About The Daily Pennsylvanian
Since 1885, The Daily Pennsylvanian has been an integral part of the University of Pennsylvania, printing the news, providing valuable education and training for generations of students, and producing many notable journalists. The Pennsylvanian, which began as a weekly student newspaper, expanded to publish five days a week in 1894. Since then, except for a hiatus during World War II, the paper has been continually published.
In 1962, the College for Women's separate newspaper, The Pennsylvania News, merged into The Daily Pennsylvanian, and the paper broke away from control and funding through the men's student government after a short-lived attempt to shut the paper down. (That change stands so significant in the paper's history that it is still commemorated and fondly remembered in the paper's annual gag issue each spring). The weekly 34th Street Magazine was established in 1968.
In 1984, with the encouragement of Penn President Sheldon Hackney, the newspaper formalized its autonomy from the University by becoming an independent, non-profit corporation. The change guaranteed that the newspaper's editorial voice -- and the finances which allow it to operate -- could continue in perpetuity without fear of attempts by administrators to ever again shut down or control the paper's content.
At the same time, the newspaper formed the DP Alumni Association. In its two decades of existence, the DPAA has worked towards fulfilling its dual mission of helping current students on the newspaper's staff and helping DP Alumni keep in touch with each other.
After expanding into year-round publication with the launch of The Summer Pennsylvanian in 1984, the DP family grew once more in 1989, with the addition of The Weekly Pennsylvanian, a weekly subscription publication specifically for alumni and parents. In 1995, the DP launched its presence on the emerging World Wide Web with "DP Online" (now known simply as DailyPennsylvanian.com). Today, nearly as many people visit the paper's web site each day as read the printed edition on campus.
The Daily Pennsylvanian has long been regarded as one of the best college newspapers in the country. In recent decades its reputation has soared as improved technology and larger budgets from increased advertising sales have enabled student reporters, photographers, designers and editors to continually improve and enhance the newspaper. "We were incredibly -- and justifiably -- proud of the paper we produced in the late 1970's," says longtime DP General Manager Eric Jacobs '80, "but the paper today's students produce is simply head and shoulders above what we did less than three decades ago."
There is no journalism department at Penn. While a few scattered journalism-related courses have been offered over the years, it is The Daily Pennsylvanian which has been the preeminent source of journalism education at Penn for more than a century. Today, you can find DP alumni working at The New York Times, Washington Post, The Wall Street Journal, USA Today, Los Angeles Times, Boston Globe, Philadelphia Inquirer, Miami Herald, Chicago Tribune, Dallas Morning News, and dozens of other newspapers; at Time, Newsweek, Sports Illustrated, The New Yorker, The New Republic, Business Week, Forbes, Fortune, Inc., GQ, Glamour, Entertainment Weekly and dozens of other magazines; at ABC, NBC, CBS, NPR, PBS, CNN, ESPN, and numerous other national and local broadcast outlets.
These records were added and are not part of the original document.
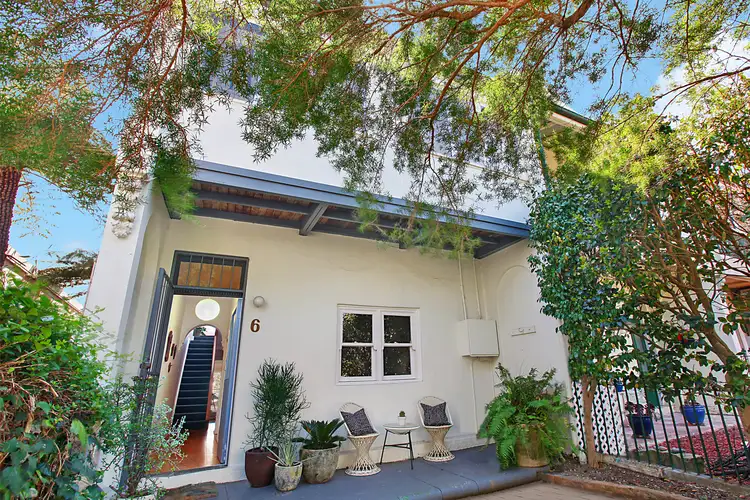 Main view of Homely house listing, 6 Dock Road, Birchgrove NSW 2041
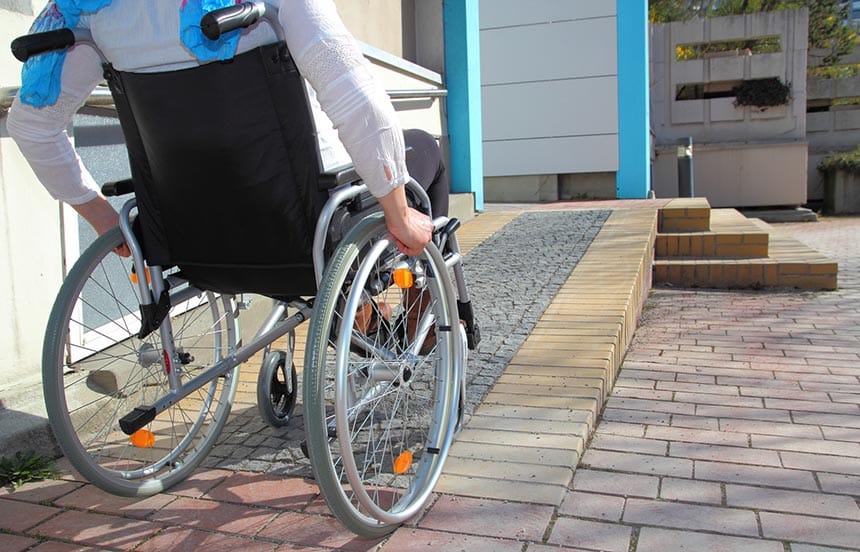 Accessibilité des lieux en 2015 : qu'en est-il ?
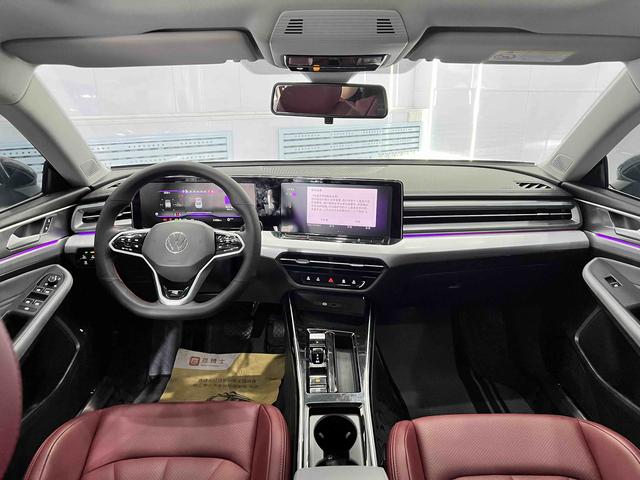 Volkswagen Lingdu 2023, фото 15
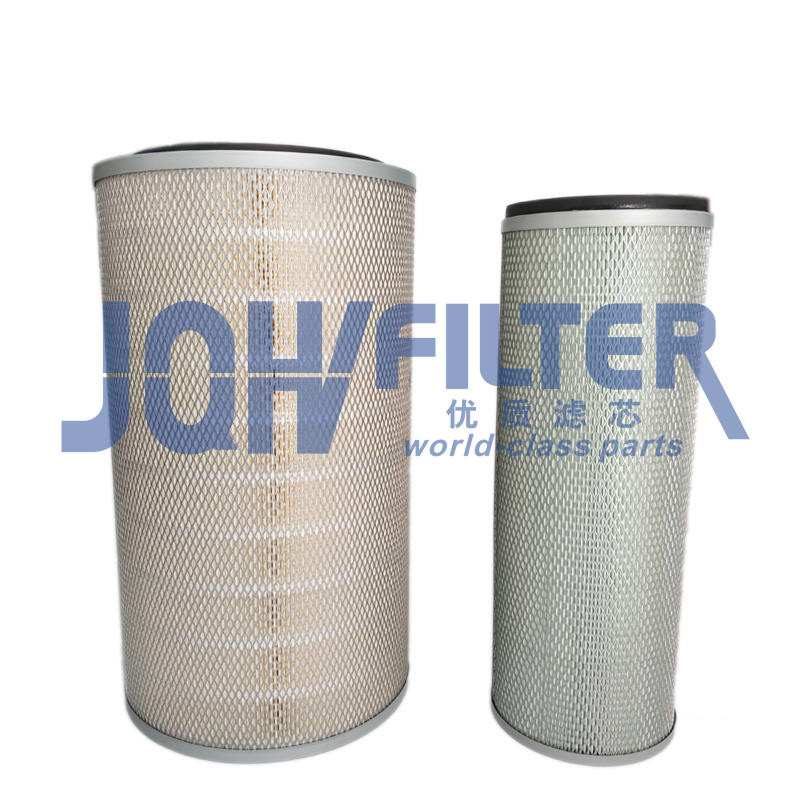 Excavator DH300-7 Air Filter 65.08304-6005 AF25453 AF25452 2474-9051 2474-9057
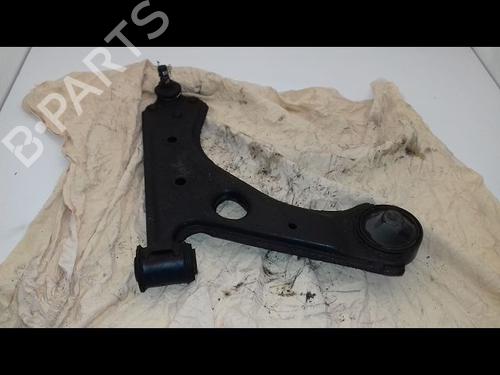 Used Right front suspension arm OPEL CORSA D (S07) 1.2 (L08, L68) (86 hp) 22997385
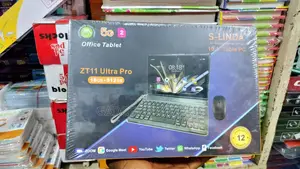 New Tablet 512 GB Black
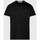 Oblačila Moški Majice s kratkimi rokavi Calvin Klein Jeans J30J325268BEH Črna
But the education the DP provides has never turned out just journalists; DP alumni -- from lawyers to doctors, investment bankers to social workers, engineers to accountants -- frequently cite the writing, deadline, management, and people skills they learned at the DP as useful in their careers.
In recent years, the DP's reputation has been bolstered by an unprecedented number of awards to the paper and its staff members. The most prestigious award for college newspapers is the Pacemaker award -- often referred to as the Pulitzer Prize for college journalism -- from the Associated Collegiate Press. In late 2004, the DP received its fourth consecutive Pacemaker award, the seventh in the paper's history.